Nous sommes les précurseurs de l’ère vélo qui viendra dans quelques décennies. Quand le pétrole fera son disparition, après avoir fait tant de dégâts et que l’humanité décimée par l’obésité (fruit du sédentarisme actuel) et les maladies cardio-vasculaire qui en découlent, aura besoin de se déplacer d’une manière saine et écologique….
Très content de vous avoir connu, rendez-vous sur le blog (qui pourra vous donner des idées pour vos futures vacances) et j’espère avoir de vos nouvelles, afin qu’on puisse rester en contact. Bonne route.
Tout au long de cette traversée des Carpates, les gens profitent pour se baigner, l’eau est chaude et je présume que ce n’est pas souvent le cas en montagne.
Des jolis coins pour la pêche aussi.
Dans quelques kilomètres il y aura un col à passer, mais ne t’en fais pas Picirelo, il sera pour demain.
Tous les villages ont une multitude de gites, pour tous les gouts, on a l’embarras du choix.
Nous parvenons à 940m d’altitude, et on a trouvé un gite pas mal, Pensiunea Izvoirelor.

dimanche 22 juillet 2007

J71 – ROUMANIE

LUNA - SALCIUA
Réveillé :
5h
Départ : 9h40
Distance parcourue : 70 km
Distance totale : 4596 km
Temps : 4h05
Météo : soleil, canicule
État physique : au top
Moral : au top
Couché : 21h30

Menu du jour : yaourt, fromage brebis, polenta, pastèque, poires, pain intégral, oignon, tomates, poivrons, concombres, persil, carottes, blé concassé, corn flakes.

Résumé de l’étape : Tout les départements de la Roumanie que j’ai traversés jusqu’à présent (Dolj, Vîlcea, Arges, Sibiu, Mures, Cluj, Alba) à l’exception de Mures, sont une découverte pour moi, n’ayant jamais eu l’occasion, dans le passé, de les visiter.

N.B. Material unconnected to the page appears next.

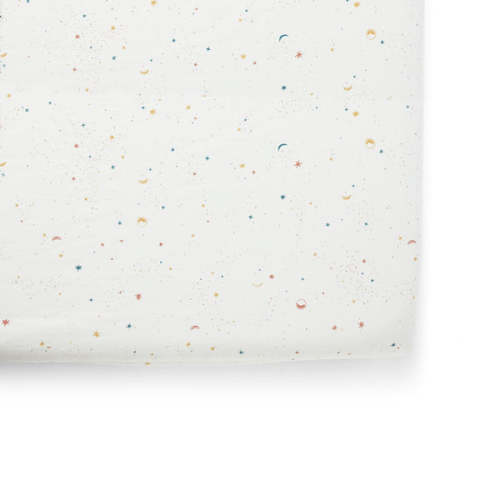 Crib Sheet | Over The Moon | Aquatic Life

Le parcours : Luna - Salciua.

On se sépare de la petite cabane, Lublack à besoin d’un petit entretien mais je décide de le faire ailleurs. Ici les moustiques ne savent pas se comporter avec les invités, et je ne veux plus leur servir de petit déjeuner.
Première petite ville d’aujourd’hui, Cîmpia Turzi.
Un personnage très important dans l’histoire de la Roumanie.
Ça, je n’arrive pas à comprendre ce que ça peut être. Probablement un roumain qui a voyagé en Asie et vient de gagner à la loterie…. ?
Turda, une grande église à l’entrée de la ville.
C’est dimanche matin, inutile de vous dire que l’église est pleine.
Etant donné qu’on est en ville, on va faire quelques courses au marché, pastèque, carottes, tomates etc.
Une autre église, au centre ville, tout aussi remplie que la précédente.
Sous les bons conseilles de Câlin, Picirelo fera un petit détour, en allant vers Oradea, afin d’éviter une route très circulée, cependant plus courte.
Nous sommes dans les Gorges de l’Aries (Muntii Apuseni).
Une route splendide, les paysages sont surprenants.
Un conduit bricolé, amène de l’eau depuis la cascade qui se trouve sur l’autre rive de l’Aries.
Un panneau au bord de la route indique un gite (www.poartazmeilor.ro) un peu plus haut, au pied de la montagne. Allons voir.
J’ai bien fait de m’arrêter, l’endroit est sublime.
Lublack aura son entretien promis et Picirelo aussi… se raser, faire du stretching et à manger tranquillement.